G10: Enabling An Efficient Unified GPU Memory and Storage Architecture with Smart Tensor Migrations

MICRO'23

Abstract

The author proposed: a unified GPU memory and storage architecture named G10

Based on this finding:Tensors in DL are highly predictable

G10 integrates GPU memory, host memory, and flash memory to achieve unified memory access and transparent data migration. Based on this unified memory access, G10 uses compilation technology to obtain the characteristics of tensors in DL to achieve subsequent data scheduling.

1. Introduction

Nowadays, when people use GPU for DL ​​model training, they will face the problem ofGPU memory wall. The scale of models and data is increasing, but GPU memory has not increased accordingly, causing the training of DL models to be limited by GPU memory. (The size of large models is growing crazily at a rate of 410 times every two years, while the memory capacity of GPU processors, as the basis of AI computing power, only grows at a rate of 2 times every two years. The memory capacity of GPUs seriously restricts the size and computing power of trainable models. It has become an important bottleneck hindering the development and implementation of AI technology. This is called the GPU memory wall problem. See the picture below. This picture is not from this paper)

image-20231124092113807

Therefore, the author hopes to use low-cost memory (host memory, flash memory) to expand GPU memory. Based on two findings:

  1. Only a few tensors are used in each iteration of the DNN.

  2. The inactive time of most inactive tensors is long enough for data migration.

Faced with three challenges:

  1. Need to obtain the memory requirements and life cycle of the tensor.

  2. Decisions need to be made about when and where (to where) which tensor to migrate.

  3. Migration should be automated and should not be set up manually by a human.

G10 consists of three parts:

  1. tensor vitality analyzer: Extract features of tensors. Track each tensor according to the execution graph generated by the compiler, and obtain the size, life cycle and other information of each tensor. It can be executed at compile time, that is, it can be executed before model training.

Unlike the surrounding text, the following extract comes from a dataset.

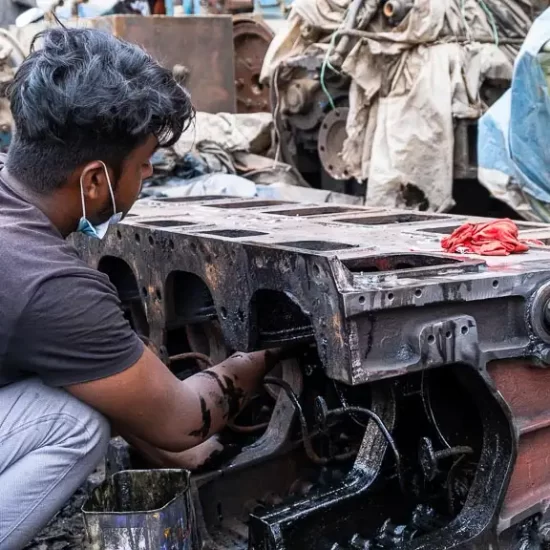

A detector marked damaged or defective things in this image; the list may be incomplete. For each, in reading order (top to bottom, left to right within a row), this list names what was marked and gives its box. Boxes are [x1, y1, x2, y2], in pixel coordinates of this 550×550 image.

rusty metal scrap [72, 199, 550, 550]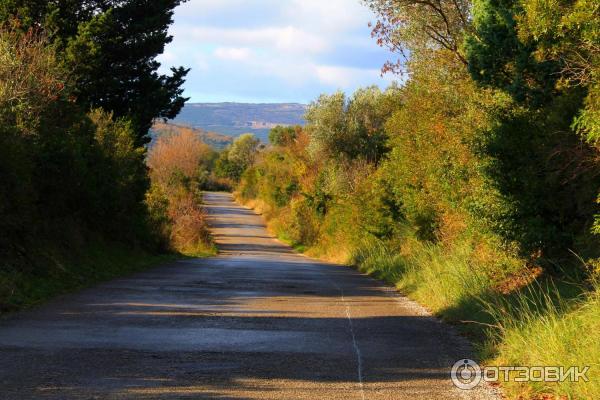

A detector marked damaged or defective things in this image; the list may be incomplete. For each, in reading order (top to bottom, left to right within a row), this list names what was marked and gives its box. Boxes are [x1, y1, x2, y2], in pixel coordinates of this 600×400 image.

cracked asphalt [0, 192, 496, 398]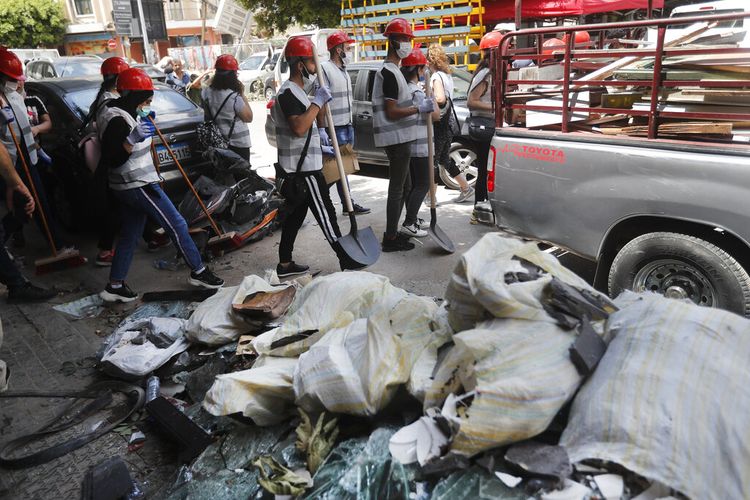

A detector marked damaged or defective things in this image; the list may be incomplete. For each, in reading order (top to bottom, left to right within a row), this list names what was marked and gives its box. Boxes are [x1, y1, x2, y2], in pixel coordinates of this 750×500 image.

  2. tensor migration scheduler: Plan tensor migration in advance. Migrate as many long-lived tensors as possible to external memory.

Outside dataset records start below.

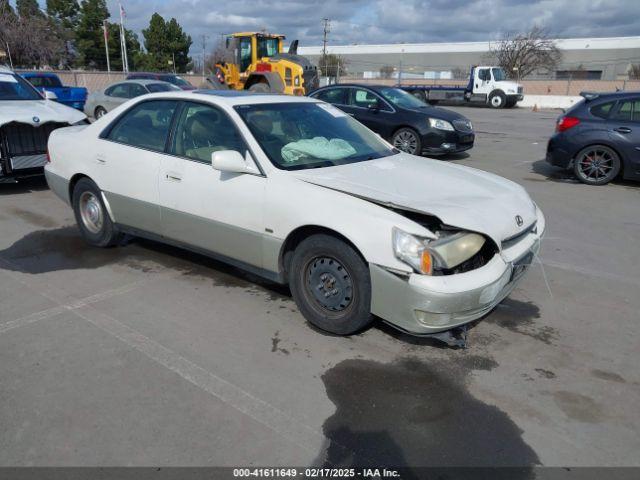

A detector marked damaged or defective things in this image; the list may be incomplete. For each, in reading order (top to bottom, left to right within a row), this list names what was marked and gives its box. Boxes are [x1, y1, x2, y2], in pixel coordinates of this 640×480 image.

damaged white sedan [46, 89, 544, 338]
cracked headlight [392, 228, 488, 276]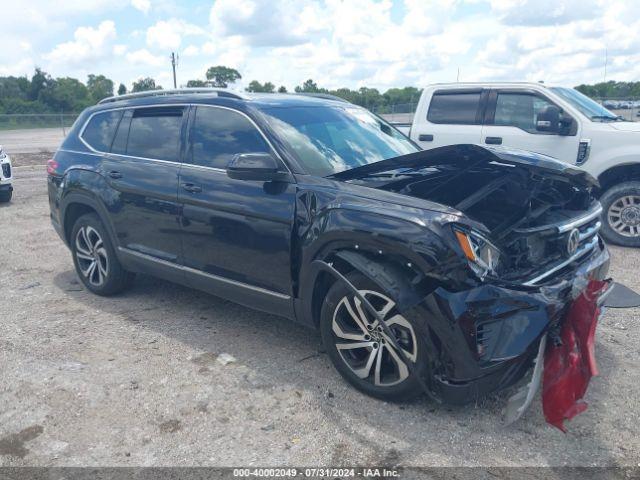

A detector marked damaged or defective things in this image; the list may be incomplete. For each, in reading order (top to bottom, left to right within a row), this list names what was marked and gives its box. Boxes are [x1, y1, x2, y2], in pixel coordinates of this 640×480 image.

crumpled hood [332, 143, 596, 188]
broken headlight [452, 228, 502, 280]
detached bumper [410, 240, 608, 404]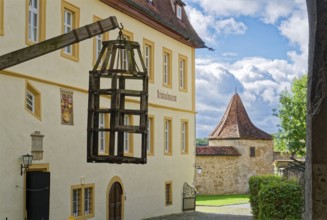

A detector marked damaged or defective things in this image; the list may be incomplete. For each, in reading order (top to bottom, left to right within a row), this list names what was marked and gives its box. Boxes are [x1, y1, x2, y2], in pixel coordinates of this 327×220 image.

  3. Unified memory system: Simplifies GPU memory management and enables transparent tensor migration. Expand the UVM of the GPU and merge GPU memory, host memory, and flash memory into a unified memory space. Implement a unified page table that includes addresses on GPU memory, host memory, and flash memory, so that when performing tensor migration, you only need to specify the virtual address.

Implementing G10 based on the open source GPU simulator UVMSmart

2. Background and Motivation

Approaches to Scaling GPU Memory
  1. Expand GPU memory with host memory:

    UVM (Unified Virtual Memory) allows programmers to access host and GPU memory through virtual addresses. Data consistency is guaranteed by the GPU hardware and runtime. Data migration is performed on demand. If the GPU accesses data that is not in the GPU memory, a page fault interrupt is triggered, and then the data is migrated from the host to the GPU memory. When the GPU memory is full, an existing data is migrated through LRU. to the host, and then put this data on the GPU memory. However, host memory alone cannot solve the growing memory requirements of DL.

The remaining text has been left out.